In het pas gepubliceerde dagboek, dat hofdame Marie Cornélie van Wassenaer van Obdam in 1824-25 tijdens haar tien maanden durende verblijf aan het Russische hof schreef, kunnen we nu haar gedetailleerde verslagen lezen van bals en banketten. Ze geven een teleurstellend beeld van de culinaire prestaties van de koks van het tsarenhof. Op 9 februari wordt er in de Witte Zaal een groot bal gegeven ter ere van de verjaardag van groothertog Michael, jongste broer van Oranjeprinses Anna Pavlovna. Marie Cornélie schrijft: 'Tijdens deze hofbals zijn ze uitzonderlijk karig met de versnaperingen. Er staat alleen een grote schaal vol kleine snoepjes met daarbij enkele glazen koude limonade.'
[Het eten van snoepjes heeft ook met andere zaken te maken: 'Om de kamers te luchten wordt alleen een klein raampje geopend. Dit gebeurt verscheidene keren per dag, misschien om de nare geur van de slechte adem te verdrijven, die is toe te schrijven aan het soort voedsel en de grote hoeveelheid snoepjes die aan het hof worden gegeten. De dames die er niet genoeg aan hebben om er het hele diner op te kauwen sturen er nog schalen vol van naar hun kamers.']

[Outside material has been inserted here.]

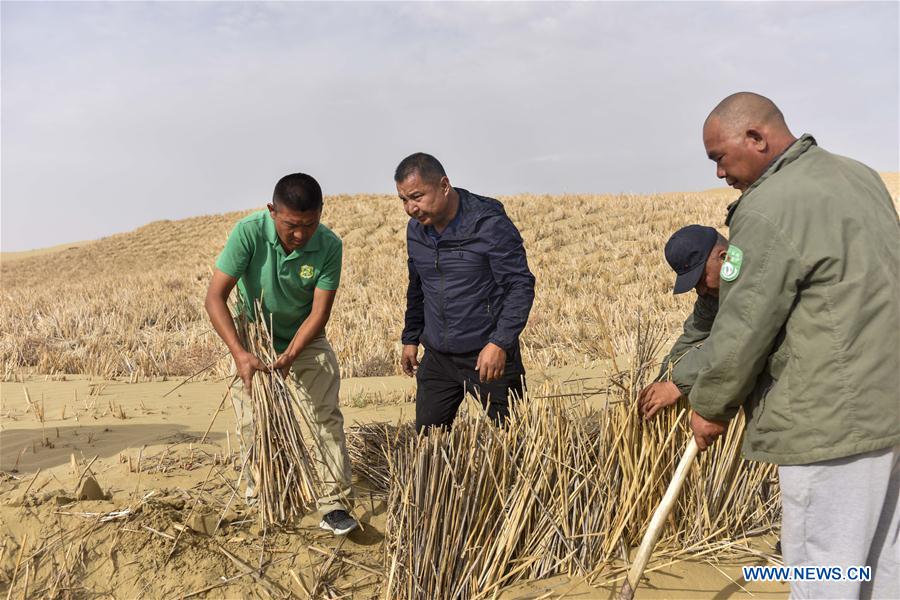 CHINA-XINJIANG-YULI-DESERT CONTROL (CN)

Over de schouder van Marie Cornélie kijken we nieuwsgierig mee naar de gerechten die aan het hof worden opgediend: 'Na de soep komen eerst verschillende soorten paté's, die op een en dezelfde schotel worden opgediend. Daarna volgen koude kip met gerookte tong, kalfsvlees - en ik weet niet wat nog meer - in een koude gelei met rijnwijnsmaak. Dan: rundvlees zonder geur noch smaak, opgediend met slechte aardappels, kool, knollen en wortels - alles op dezelfde schotel. Hierna komen vis, een of twee ragouts met truffels, een rollade die gewoonlijk bestaat uit kip of piepkuiken, gevolgd door vla en een gelatinepudding; de ene dag een rode en de andere dag een gele. Ziedaar wat er van 1 januari tot en met 31 december aan de tafel van de tsarina wordt gegeten.' Marie Cornélie voegt er sarcastisch aan toe: 'De butlers lossen elkaar na enkele weken af, hetgeen - op de afwisselend rode of gele gelatinepudding na - weinig verandering brengt.'
Tot de ineenstorting van het tsarenrijk (1917) leden er nog duizenden horigen en arme burgers in Rusland en de rest van Europa honger. Langzaam verdwenen de misstanden. In de Lage Landen anno 2003 kunnen zelfs de huisdieren dankzij hun hapklare brokjes elke avond met een gevulde maag in de mand kruipen.
De grote kloof tussen het etende dier en de etende mens is schijnbaar gebleven: een aap geeft er niets om als zijn voedsel in een porseleinen bak met garnituur en muziek wordt opgediend en hij eet nog steeds het liefst alleen.
De beschaafde mens vertoont sinds enkele decennia een merkwaardig recidief gedrag; hij hapt zijn vaak ondefinieerbare fast food haastig weg uit plastic wegwerpbakjes. De muze staat er beduusd bij en wendt zich tot de rijk gedekte tafels van klassieke restaurants en particulieren; daar beoefent men onder familie en vrienden in alle rust onveranderlijk de schone kunst van het tafelen.